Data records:
* * *

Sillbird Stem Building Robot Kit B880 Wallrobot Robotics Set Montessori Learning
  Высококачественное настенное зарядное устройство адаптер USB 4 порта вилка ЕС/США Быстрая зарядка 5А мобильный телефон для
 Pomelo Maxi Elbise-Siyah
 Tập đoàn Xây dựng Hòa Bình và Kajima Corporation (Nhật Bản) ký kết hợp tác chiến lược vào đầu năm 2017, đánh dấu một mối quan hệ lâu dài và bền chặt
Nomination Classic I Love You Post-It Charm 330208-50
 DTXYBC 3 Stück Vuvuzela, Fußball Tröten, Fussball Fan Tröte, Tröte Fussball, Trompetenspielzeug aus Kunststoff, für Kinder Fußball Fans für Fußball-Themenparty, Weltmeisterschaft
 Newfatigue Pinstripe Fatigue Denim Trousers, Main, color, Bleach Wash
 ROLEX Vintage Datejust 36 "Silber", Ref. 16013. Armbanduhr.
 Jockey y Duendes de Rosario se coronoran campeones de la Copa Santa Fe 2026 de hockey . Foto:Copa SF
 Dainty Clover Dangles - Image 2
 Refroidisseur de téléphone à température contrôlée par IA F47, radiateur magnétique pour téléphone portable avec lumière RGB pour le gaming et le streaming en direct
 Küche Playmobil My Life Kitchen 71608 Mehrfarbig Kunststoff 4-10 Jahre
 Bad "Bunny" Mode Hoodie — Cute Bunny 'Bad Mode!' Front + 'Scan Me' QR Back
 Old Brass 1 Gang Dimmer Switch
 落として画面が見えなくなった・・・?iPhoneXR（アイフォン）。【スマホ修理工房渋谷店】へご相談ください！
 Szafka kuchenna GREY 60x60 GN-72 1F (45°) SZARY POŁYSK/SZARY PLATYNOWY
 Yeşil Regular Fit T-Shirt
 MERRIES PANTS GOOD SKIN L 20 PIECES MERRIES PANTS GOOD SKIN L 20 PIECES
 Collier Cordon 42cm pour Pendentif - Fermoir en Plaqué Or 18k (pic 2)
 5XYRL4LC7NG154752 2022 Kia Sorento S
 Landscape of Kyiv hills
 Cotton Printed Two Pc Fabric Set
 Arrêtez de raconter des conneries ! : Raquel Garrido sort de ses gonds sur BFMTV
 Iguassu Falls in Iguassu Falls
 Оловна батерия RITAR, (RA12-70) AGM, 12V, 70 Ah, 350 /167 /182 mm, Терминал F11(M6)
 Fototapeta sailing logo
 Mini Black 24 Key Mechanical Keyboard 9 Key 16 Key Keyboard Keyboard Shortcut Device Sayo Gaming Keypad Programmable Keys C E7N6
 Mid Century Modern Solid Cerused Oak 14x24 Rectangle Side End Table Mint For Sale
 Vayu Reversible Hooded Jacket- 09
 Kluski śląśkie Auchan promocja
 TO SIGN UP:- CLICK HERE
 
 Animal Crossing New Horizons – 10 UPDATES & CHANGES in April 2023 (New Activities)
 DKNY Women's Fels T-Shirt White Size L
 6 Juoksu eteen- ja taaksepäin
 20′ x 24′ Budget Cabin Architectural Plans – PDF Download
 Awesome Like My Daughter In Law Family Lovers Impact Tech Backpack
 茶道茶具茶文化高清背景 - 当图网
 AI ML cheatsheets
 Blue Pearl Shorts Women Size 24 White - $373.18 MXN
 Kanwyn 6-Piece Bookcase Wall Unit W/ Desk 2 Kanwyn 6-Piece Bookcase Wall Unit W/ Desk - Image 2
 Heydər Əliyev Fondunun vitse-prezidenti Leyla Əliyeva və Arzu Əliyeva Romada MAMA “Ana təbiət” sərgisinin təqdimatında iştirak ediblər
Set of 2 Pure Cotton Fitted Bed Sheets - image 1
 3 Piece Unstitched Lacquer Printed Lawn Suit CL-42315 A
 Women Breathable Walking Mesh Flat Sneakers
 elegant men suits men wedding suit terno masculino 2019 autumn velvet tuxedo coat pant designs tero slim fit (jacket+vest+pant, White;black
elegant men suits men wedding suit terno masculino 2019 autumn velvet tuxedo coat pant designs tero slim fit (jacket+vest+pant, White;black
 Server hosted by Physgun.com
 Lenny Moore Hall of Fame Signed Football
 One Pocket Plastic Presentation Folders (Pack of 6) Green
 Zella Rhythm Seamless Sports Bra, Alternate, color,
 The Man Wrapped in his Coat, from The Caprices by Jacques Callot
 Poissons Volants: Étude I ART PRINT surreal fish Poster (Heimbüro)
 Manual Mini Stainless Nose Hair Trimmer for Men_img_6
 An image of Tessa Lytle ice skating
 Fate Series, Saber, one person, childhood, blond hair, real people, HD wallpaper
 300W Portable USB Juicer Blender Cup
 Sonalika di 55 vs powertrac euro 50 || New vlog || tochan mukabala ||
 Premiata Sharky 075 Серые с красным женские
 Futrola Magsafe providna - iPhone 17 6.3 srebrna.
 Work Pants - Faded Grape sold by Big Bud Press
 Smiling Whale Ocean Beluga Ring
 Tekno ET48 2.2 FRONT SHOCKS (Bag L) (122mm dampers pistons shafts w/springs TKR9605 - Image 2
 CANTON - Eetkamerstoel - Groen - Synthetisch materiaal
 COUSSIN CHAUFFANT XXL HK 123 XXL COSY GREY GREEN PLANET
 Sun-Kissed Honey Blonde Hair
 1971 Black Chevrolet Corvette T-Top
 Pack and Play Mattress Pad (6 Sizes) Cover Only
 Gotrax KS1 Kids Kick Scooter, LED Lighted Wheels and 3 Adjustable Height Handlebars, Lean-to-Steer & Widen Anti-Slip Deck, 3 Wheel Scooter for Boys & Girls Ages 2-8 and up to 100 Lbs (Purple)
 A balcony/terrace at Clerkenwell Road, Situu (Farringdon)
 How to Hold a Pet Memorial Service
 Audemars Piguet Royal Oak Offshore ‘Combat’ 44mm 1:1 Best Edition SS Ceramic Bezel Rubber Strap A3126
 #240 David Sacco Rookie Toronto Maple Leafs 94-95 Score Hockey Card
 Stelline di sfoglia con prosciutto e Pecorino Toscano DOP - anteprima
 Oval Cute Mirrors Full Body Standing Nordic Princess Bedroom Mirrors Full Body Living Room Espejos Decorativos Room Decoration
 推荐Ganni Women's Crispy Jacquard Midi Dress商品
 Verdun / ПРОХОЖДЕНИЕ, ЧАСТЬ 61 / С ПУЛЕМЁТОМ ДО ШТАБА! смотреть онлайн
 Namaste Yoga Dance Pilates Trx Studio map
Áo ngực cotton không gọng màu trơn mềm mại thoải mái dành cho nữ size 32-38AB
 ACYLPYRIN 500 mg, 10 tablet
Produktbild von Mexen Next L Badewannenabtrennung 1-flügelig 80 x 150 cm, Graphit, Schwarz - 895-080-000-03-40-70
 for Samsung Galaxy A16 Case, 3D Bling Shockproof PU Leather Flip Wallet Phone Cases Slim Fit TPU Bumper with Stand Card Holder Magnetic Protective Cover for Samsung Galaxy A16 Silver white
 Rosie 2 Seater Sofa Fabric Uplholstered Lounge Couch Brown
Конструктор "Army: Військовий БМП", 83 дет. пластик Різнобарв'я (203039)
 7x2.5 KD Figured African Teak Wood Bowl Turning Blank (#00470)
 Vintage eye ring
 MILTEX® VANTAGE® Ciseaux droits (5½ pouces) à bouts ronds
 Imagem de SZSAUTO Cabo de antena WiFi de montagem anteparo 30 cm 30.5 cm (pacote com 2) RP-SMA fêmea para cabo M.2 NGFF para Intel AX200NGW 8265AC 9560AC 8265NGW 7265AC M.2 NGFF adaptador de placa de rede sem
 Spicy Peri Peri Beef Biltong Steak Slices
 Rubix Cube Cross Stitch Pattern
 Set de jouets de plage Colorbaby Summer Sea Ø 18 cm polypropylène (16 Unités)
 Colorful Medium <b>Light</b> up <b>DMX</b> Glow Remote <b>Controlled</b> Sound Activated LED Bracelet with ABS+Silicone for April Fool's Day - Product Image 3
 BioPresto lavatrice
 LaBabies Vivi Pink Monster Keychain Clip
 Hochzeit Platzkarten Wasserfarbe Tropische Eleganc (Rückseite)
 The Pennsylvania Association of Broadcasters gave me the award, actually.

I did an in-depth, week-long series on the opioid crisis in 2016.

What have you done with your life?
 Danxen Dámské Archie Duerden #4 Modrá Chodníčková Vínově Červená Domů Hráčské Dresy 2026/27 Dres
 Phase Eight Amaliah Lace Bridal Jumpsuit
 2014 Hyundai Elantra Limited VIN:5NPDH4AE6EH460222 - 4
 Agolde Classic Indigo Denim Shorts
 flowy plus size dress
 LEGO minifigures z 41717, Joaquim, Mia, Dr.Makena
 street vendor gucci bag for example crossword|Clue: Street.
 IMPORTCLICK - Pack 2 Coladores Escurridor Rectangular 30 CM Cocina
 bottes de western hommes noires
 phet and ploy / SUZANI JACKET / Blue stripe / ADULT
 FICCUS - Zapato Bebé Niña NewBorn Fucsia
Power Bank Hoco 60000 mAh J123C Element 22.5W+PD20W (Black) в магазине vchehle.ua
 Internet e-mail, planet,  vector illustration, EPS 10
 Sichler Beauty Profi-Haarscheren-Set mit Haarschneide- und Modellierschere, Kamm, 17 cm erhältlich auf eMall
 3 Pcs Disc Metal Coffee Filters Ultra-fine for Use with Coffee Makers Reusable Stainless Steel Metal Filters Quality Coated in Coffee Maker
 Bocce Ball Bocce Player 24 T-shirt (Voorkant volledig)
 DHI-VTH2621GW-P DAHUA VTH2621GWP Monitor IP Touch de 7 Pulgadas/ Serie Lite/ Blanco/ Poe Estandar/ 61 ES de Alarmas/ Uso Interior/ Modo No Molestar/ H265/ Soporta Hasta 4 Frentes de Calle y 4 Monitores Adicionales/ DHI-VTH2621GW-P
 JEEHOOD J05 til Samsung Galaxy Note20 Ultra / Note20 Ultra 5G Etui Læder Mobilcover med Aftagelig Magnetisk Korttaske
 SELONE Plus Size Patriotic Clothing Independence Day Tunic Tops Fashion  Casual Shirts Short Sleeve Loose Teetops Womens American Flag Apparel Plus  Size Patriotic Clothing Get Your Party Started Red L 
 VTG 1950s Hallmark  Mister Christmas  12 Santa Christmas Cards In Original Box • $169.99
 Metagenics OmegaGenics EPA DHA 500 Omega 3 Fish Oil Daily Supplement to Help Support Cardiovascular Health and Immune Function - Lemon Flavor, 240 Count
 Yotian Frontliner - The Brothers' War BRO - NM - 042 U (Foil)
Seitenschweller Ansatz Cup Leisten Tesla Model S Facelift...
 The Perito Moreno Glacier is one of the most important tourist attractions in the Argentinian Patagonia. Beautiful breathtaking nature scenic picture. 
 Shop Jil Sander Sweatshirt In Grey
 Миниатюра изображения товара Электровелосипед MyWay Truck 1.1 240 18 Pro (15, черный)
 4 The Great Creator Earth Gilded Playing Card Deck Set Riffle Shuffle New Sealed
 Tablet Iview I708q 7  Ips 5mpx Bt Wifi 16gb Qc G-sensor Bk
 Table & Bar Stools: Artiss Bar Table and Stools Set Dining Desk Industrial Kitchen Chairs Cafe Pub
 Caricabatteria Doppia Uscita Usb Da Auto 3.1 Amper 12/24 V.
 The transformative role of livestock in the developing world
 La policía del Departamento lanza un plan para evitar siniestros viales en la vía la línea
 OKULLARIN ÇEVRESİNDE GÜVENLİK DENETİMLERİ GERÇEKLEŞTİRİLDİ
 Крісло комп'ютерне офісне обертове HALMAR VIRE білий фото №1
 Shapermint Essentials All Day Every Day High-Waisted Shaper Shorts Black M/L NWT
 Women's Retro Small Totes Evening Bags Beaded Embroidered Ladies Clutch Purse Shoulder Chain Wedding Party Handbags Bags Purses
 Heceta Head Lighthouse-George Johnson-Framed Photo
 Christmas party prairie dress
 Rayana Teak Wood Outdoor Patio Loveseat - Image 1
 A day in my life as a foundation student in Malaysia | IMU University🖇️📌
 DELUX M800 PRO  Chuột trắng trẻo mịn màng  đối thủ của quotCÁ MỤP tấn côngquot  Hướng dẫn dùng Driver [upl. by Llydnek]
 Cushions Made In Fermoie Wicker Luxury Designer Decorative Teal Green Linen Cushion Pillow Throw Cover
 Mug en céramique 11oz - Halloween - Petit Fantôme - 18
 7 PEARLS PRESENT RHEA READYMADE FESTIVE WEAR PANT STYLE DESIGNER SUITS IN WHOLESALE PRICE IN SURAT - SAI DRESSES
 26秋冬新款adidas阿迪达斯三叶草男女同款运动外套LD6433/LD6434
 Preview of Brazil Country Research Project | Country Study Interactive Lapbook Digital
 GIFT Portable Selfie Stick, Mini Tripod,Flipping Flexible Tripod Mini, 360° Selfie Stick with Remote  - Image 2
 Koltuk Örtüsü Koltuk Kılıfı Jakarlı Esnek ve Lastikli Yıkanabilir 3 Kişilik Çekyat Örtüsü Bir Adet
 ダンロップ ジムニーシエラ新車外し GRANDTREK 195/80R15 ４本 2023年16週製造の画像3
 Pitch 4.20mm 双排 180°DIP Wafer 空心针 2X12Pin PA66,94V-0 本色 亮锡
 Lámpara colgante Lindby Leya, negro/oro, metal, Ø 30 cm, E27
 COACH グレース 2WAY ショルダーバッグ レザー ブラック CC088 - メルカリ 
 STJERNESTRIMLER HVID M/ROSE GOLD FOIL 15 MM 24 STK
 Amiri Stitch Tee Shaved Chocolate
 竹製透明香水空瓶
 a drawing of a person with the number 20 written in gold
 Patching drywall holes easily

* * *

WHAT IS EXPECTED: Across the records, how many lines carry the word "Classic"? The answer should be a number alone.

COMPLETED TASK: 2